1.3. The appellant, by raising auxiliary requests 1 to 3 for the first time in the appeal procedure at the oral proceedings, failed to observe the above-mentioned time limit, so that neither the Board nor the respondent was given sufficient time to study them. In the circumstances, the Board has no alternative but to refuse to admit these requests.

1.4. The further auxiliary request, which the respondent objected to because it was late-filed, consisted of the main request minus claim 1. It therefore involved no extra work on the part either of the Board or the respondent and for this reason was admitted to the proceedings.
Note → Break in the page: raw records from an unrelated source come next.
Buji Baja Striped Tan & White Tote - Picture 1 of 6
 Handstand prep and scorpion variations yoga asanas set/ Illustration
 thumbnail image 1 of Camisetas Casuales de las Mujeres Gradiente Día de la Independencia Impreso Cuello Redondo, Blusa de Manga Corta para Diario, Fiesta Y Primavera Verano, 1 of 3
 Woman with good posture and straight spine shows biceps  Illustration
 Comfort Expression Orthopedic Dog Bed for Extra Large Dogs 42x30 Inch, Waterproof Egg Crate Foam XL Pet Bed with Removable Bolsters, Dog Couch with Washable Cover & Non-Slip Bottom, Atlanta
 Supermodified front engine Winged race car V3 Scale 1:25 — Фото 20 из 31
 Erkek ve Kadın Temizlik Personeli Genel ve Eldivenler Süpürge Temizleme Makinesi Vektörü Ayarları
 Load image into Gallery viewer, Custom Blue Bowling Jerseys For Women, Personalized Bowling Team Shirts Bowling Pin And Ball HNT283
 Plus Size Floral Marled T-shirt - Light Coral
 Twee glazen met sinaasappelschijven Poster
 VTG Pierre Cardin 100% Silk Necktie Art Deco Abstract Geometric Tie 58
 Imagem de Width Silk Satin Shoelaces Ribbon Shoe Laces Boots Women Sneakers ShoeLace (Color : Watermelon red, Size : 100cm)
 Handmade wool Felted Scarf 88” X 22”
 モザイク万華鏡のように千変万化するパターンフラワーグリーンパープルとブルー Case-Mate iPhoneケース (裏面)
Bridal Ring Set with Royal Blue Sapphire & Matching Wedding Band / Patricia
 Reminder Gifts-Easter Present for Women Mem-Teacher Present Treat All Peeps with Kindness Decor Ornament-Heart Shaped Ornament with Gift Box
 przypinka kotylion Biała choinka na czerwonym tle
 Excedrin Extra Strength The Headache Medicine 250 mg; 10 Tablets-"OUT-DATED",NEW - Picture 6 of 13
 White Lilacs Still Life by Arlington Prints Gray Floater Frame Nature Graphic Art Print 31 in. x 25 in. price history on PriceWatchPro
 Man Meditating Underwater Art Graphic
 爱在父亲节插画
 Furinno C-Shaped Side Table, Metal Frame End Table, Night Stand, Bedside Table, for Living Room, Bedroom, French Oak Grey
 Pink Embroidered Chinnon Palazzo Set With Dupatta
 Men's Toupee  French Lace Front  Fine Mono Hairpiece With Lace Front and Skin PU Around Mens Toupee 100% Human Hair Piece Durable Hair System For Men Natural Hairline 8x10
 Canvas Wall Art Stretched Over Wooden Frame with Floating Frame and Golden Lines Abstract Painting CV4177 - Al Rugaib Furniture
2. Background to the invention

2.1. The classic photocopier, sometimes referred to as an electrophotographic or light-lens photocopier, projects an image onto an electrostatically charged photosensitive cylinder or web to which toner is then applied and which is brought into contact with copying paper, after which the transferred image is fixed by heating. Such photocopiers can be described as "synchronous" inasmuch as all parts are directly coupled and scanning of an image results in subsequent output of the same, copied, image. An example of such a photocopier is known from D1, in which a photosensitive web stores several images; any image scanned and stored will, with a slight delay, be copied.

2.2. An alternative to an electrophotographic copier comprises a scanner and a printer; since the scanner and printer are only coupled electrically it is in principle possible for the device to be asynchronous, that is, for scanning to be carried out separately from printing by the provision of a data buffer between scanner and printer. D3 is an example of such a device.

2.3. The patent is concerned with a problem specific to asynchronous copiers, namely the most efficient manner of interrupting an existing job in order to allow a more urgent job to be copied. In such a copier the provision of a buffer raises the question of how the skilled person would implement an interrupt function whilst minimising the resulting disruption and maximising throughput.

3. Inventive step

3.1. It was common ground between the parties that the single most relevant document is D3, which however makes no mention of providing an interrupt function. In D3, read buffers supply data from the scanner to a bus for storage in main memories which can hold a plurality of pages. The question before the Board has accordingly been how the skilled person would implement an interrupt function in the D3 copier.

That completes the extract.